Monday, February 28, 2005

Arizona fights browning tide

Save Our State

In 1994, California fired the first shots in the comtemporary populist white supremacist war on the browning of the US by passing Prop. 187. This initiative aimed to deny state services to undocumented immigrants; the campaign to pass it consisted of commercials showing desparate people swarming over border fences with a voice over droning "they keep on coming…" Crude but effective.

Of course they did not stop coming; so-called "illegal immigrants" don't come here for benefits, they come here to work, to do the dirty jobs that those of us already here can opt out of. And nobody cracks down on the people who make money by hiring them, by squeezing cheap work out of the poor and vulnerable.

Prop. 187 had consequences quite unexpected by its proponents. It's provisions were thrown out in court, but more importantly, the sleeping brown giant in California began to wake up. California Latinos suddenly thought it worth the trouble to thread their way through the citizenship maze in order to protect themselves and their families. And for a good eight years after Prop. 187, very few of these new Latino voters gave the Republican party the time of day.

Now it is a Arizona's turn. Tyche Hendricks has an excellent article in today's San Francisco Chronicle on the aftermath and implementation of their Prop. 200, another inititative to deny services to the undocumented passed in November 2004.

Arizona's Latino population has nearly doubled in the past decade, from 700,000 to 1.3 million. The state has become a magnet for low- wage immigrant workers as construction booms with new retirement homes -- all filled with retirees who need services.

"There's a lot of Mexican labor in Arizona right now, and people don't like it," says Maria Blanco, executive director of the San Francisco-based Lawyers Committee for Civil Rights. "They feel like it changes their way of life. Many immigrants don't speak English. It's unfamiliar."


Not surprisingly, immigrants, legal and undocumented, are scared and confused by resentment from folks who look like their employers.

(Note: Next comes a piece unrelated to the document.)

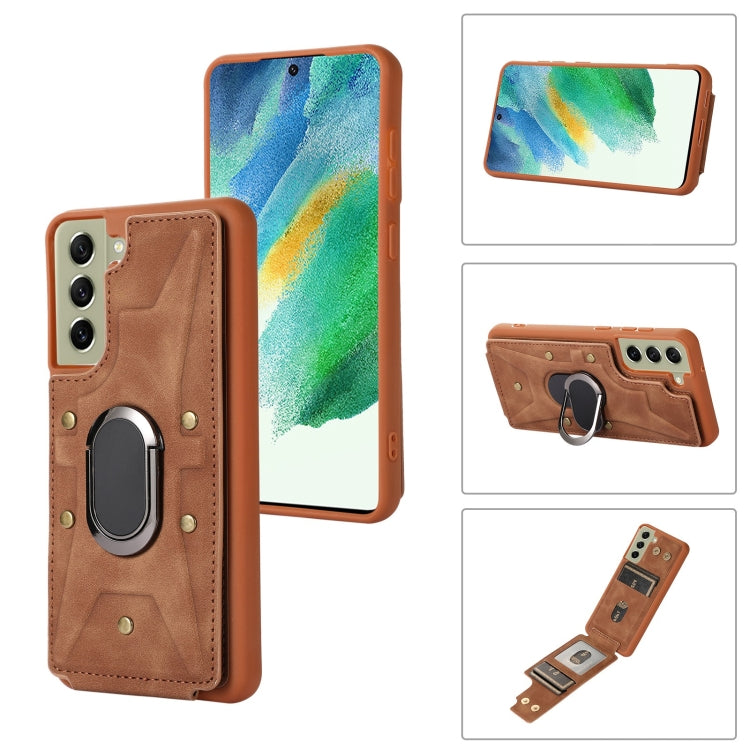 Armor Ring Wallet Back Cover Phone Case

Cristofer Rosete, 22, who hails from Mexico but lacks legal status, said it had not even occurred to him to apply for welfare or other benefits for himself, but he knows his 2-year-old son is eligible for medical care because the toddler was born in the United States.

Now, however, Rosete and his wife are nervous about taking the boy to doctor's appointments, for fear someone will report them to immigration authorities.

"When Prop. 200 first passed, South Phoenix was empty," said Rosete in Spanish. "Everyone kept their kids home from school. They were scared. I think everyone's waiting now to see what will happen."


Meanwhile the white supremacists just keep on coming.

"There's a tremendous, growing, grassroots movement throughout the country," said Virginia Abernethy, an adviser to the Proposition 200 campaign.…Abernethy, an emeritus professor of psychiatry and anthropology at Vanderbilt University, is affiliated with the Occidental Quarterly, a publication described by Max Blumenthal in the American Prospect as the "premier voice of the white-nationalist movement." Abernethy rejects the term white supremacist, with which she has been labeled, preferring to call herself a "European American separatist."


Time for these wingnuts to get over themselves. We Californians know, in the end you can't fight Mother Nature. When it rains enough, houses will slide down hills. However much you worry, when the earth gets ready, the earth is going to quake. And as long as we have the money and the jobs on this side of the border, folks from the South are going to come here to get a piece. That's what our ancesters did. Just get over it and you might even learn to like living in a multilingual, multicultural world.